But the broader phenomenon of objections to development in general raises more serious policy issues. The desire to preserve the quiet “character” of a town deserves a term that is distinct from NIMBY. Alternative acronyms (here’s a list) might include BANANA (“build absolutely nothing near anyone”) and CAVE people (“citizens against virtually everything”), but these imply nutty extremism.
The more nuanced nature of the topic justifies a divergence from the practice of cute acronyms. One term that comes close is the “raise the drawbridge” phenomenon, used to refer to citizens who are already inside a preferred area (those who have already, say, built their A-frame on the Oregon coast) and who now want to raise a legal drawbridge to keep others out. But, to me, even this term focuses on an implication of individual selfishness that fails to capture the larger social effects of the anti-development phenomenon. For example, one town’s rejection of new housing development is likely to push the pressure for development elsewhere (just as localities jostle with their neighbors to discourage the homeless).
Here’s a proposed new term: “Drawbridge Protectionism.” This term refers to the desire of citizens to keep new development away from the community, in order to preserve “character,” avoid traffic, simplify planning and taxation, increase home values in the community by legally limiting the supply, and push other complications of a changing world to other, less-well-organized jurisdictions. Some of these goals may be more laudable than others.

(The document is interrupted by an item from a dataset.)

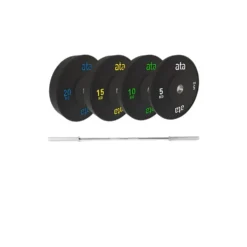 ata Pro Elite Bumper Plate Pakke 100kg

Doesn’t “drawbridge protectionism” mix concepts? Yes it does, and this is part of my point. After all, drawbridge protectionism addresses one of the most important domestic issues facing the United States in the 21st century. It deserves a little complexity.
Tuesday, January 30, 2007
Here’s a second day of thoughts on the arguments defending suburban sprawl and the auto-dependent culture, set forth by Reason Foundation authors Balaker & Staley. One of the most interesting statistics they cite is that the average home lot size has in fact fallen from 1970 to today. This may be true (I found Census figures stating that while the median lot size of a new house has shrunk noticeably since 1976, the “average” is almost unchanged –- evidence of a growing number of really large new lots), but one wonders about the relevance of using 1970 as a starting point in an assessment of sprawl. What about, say, 1920, when widespread auto usage was just starting? Cities were certainly denser, but many more people lived on spacious farms.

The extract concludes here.